▶ **HOW TO COMPLETE THIS TASK**
Below are records with pictures; copy word for word only the lines between the line with "Pure Encapsulations Betaine" and the line with "Now Sports Pea", inclusive, and drop the pictures.

▶ **MATERIAL FOR THIS EXERCISE**
↓↓↓

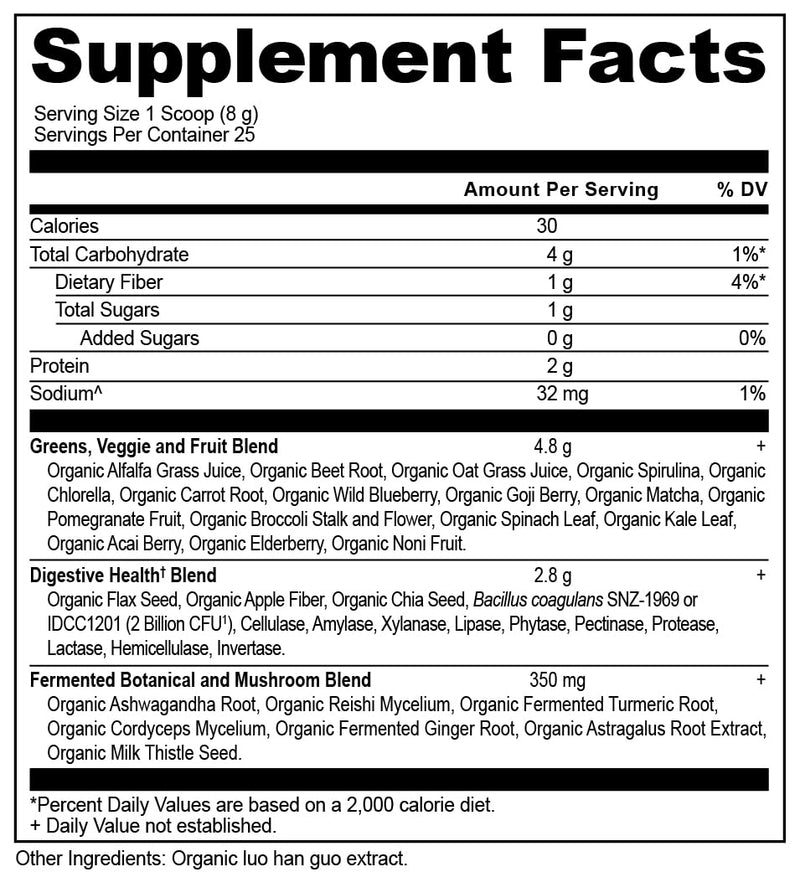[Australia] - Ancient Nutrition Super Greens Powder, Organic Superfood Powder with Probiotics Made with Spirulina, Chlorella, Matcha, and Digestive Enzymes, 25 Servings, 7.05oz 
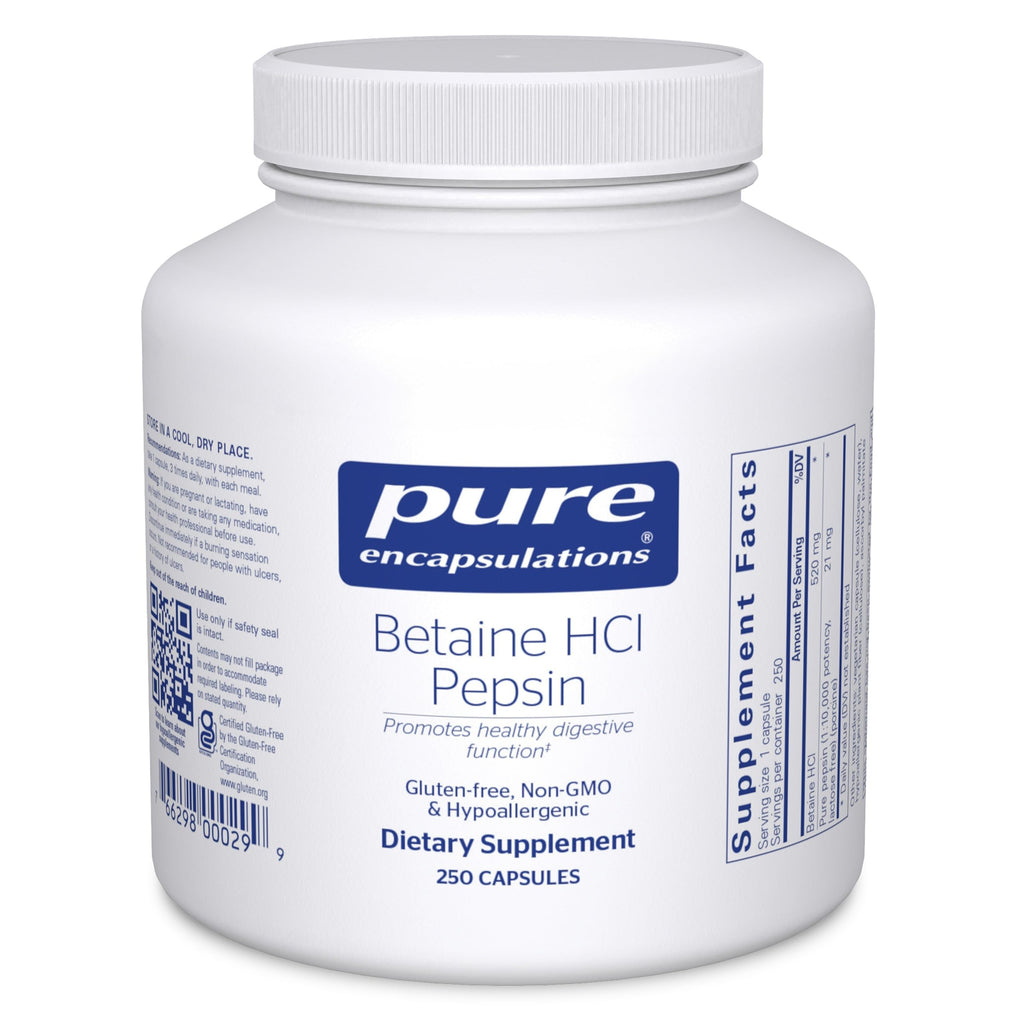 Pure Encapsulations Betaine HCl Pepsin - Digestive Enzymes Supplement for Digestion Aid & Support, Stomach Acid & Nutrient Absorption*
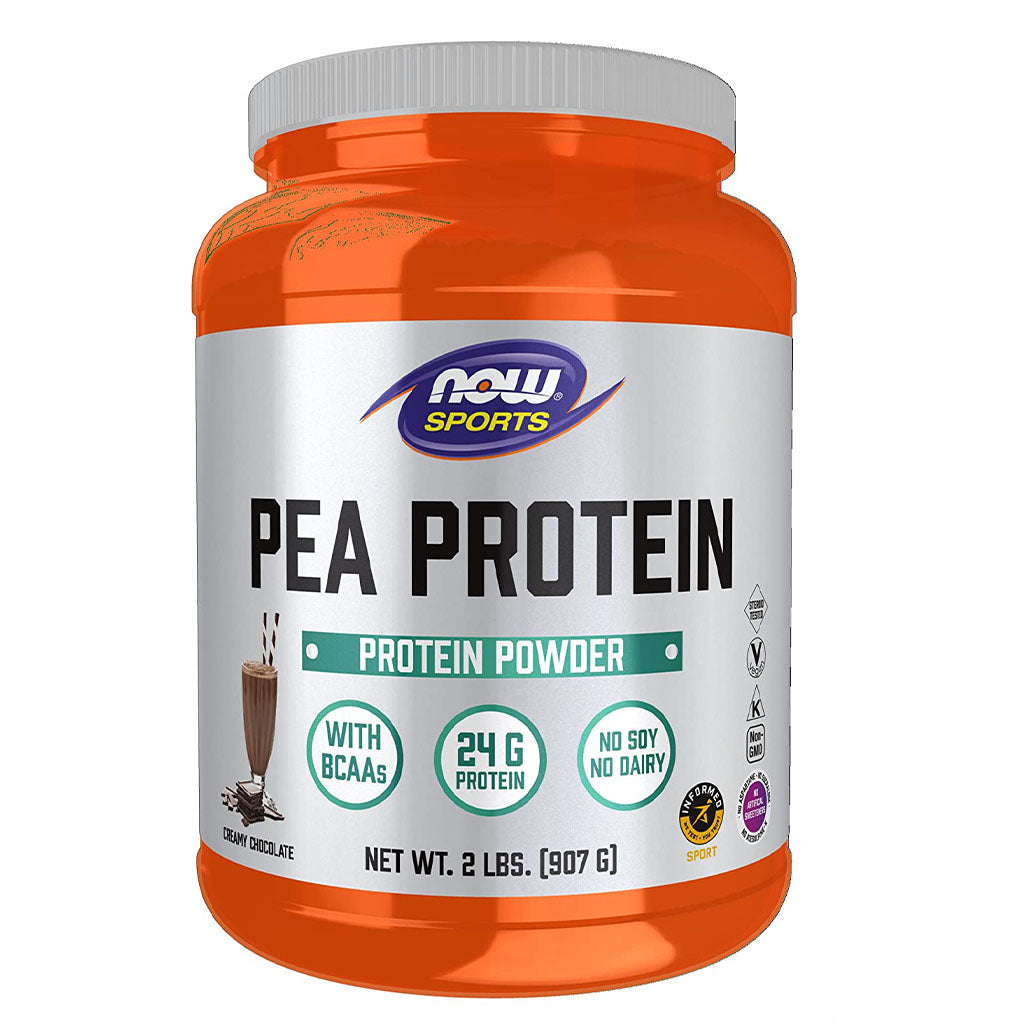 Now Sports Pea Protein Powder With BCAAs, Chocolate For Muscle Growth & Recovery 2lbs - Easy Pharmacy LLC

↑↑↑
↓↓↓

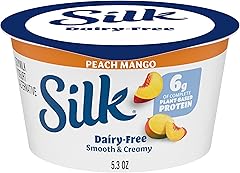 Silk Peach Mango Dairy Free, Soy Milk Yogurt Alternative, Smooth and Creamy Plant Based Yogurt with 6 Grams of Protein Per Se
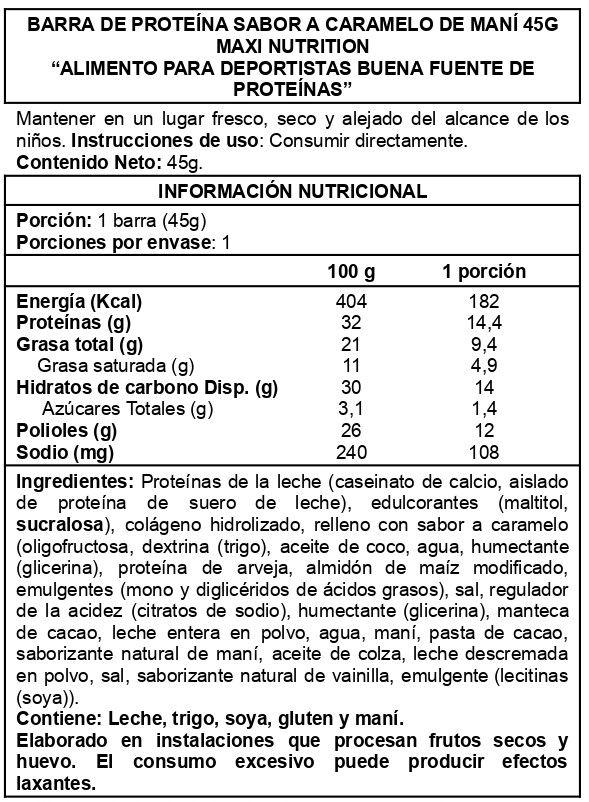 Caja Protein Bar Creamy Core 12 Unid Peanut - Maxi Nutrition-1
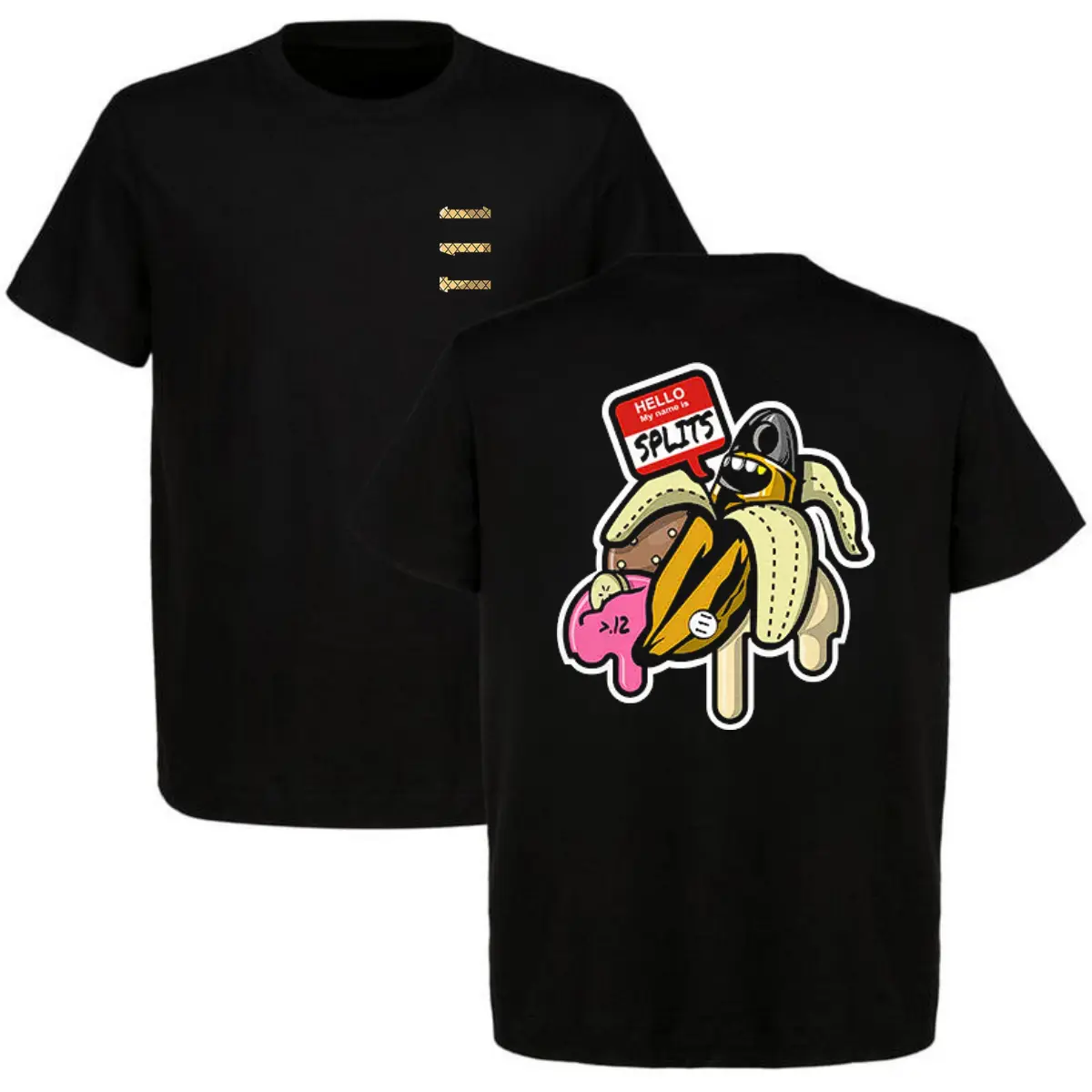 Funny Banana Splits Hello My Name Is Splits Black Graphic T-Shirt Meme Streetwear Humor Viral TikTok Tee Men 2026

↑↑↑

▶ **ANSWER BELOW**
 Pure Encapsulations Betaine HCl Pepsin - Digestive Enzymes Supplement for Digestion Aid & Support, Stomach Acid & Nutrient Absorption*
 Now Sports Pea Protein Powder With BCAAs, Chocolate For Muscle Growth & Recovery 2lbs - Easy Pharmacy LLC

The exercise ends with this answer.